Motorsport rules and regulations aren`t always well received but, occasionally, the various products developed to accommodate them filter down in a surprisingly good way to the general public, and the requirement to build a minimum number of road legal versions of a manufacturers competition cars has given us some absolutely awesome road-rockets over the years.
This month`s Classic Cars comparison road test looks at three, early nineties homologation specials in their ultimate ‘Evo’ editions and produced for the German DTM racing series regulations: the Mercedes 190E 2.5 Evolution 2, Opel Omega (Lotus Carlton) Evo 500 and BMW M3 Sport Evolution, mmm…
Also featured this month is a road test of a lookalike tribute to a competition car from an earlier generation; a rare, 1972 Lancia Fulvia S2 1.3S Monte Carlo, complete with a full works paint job and in all original, unrestored condition which must mean it was built from different steel to that used in the, now infamous, Beta model.
From the same era, we are taken for a drive in a recently restored, and very special, 1972 Triumph 2500 estate. Very special because the example in the article was previously a development model for Ferguson Ltd and is fitted with a bespoke four-wheel drive system, a limited slip differential and a 3litre V8 from a Triumph Stag.
The competition theme continues with a detailed article on a D-Type Jaguar with a fascinating racing history and it`s recent restoration to original condition after it was rebuilt in period into two ‘identical’ cars. There is also a tentative motorsport link with the featured 1930 Rolls-Royce Phantom 2 Continental which, in 1931, was entered by its second owner in the first running of the RAC Rally and finishing 38th out of 232 entrants, and which was but a prelude to its entry in the 1933 Rallye Monte Carlo where it started from John O`Groats and eventually finished in 30th place overall.

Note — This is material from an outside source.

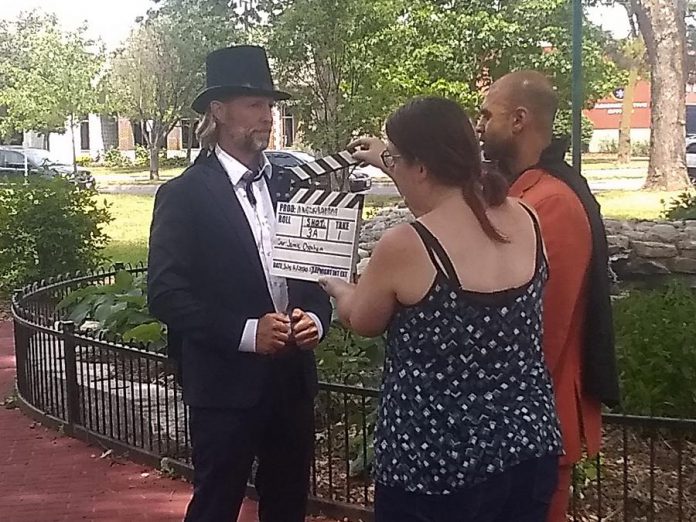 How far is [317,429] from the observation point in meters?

Of course, if the current crop of sports cars just aren`t quick enough for you, then you can always commission your very own car; which was the reason behind the creation of the rather gorgeous, 1954 Bertone Zeder Storm Z-250 which now resides in the world famous Petersen Museum in Los Angeles.
This month`s in-depth guide features the Ferrari 365 GT4 2+2, produced in various guises from 1973 until the late eighties model 412i, but never as popular in the UK as it was in the USA, and which therefore, provides a very cost effective entry to V12 Ferrari ownership – but never forgetting the potential running costs – so definitely read this review carefully if you`re contemplating a purchase.
Classic Cars takes a detailed look in every issue at certain cars pulled from the classifieds and this month they feature a fully restored 1968, ex-Liverpool Police Morris Mini Cooper S with an asking price of £18,995, a near perfect 1963 Rover P4 110 for a very reasonable £6,750, and if you want something with just a tad more poke, how about a 1969 TVR Tuscan that`s had the original Ford V6 boat anchor replaced with an American 5 litre V8 – yours for £32,995, which is quite a saving over a contemporary Griffith model with a similar specification?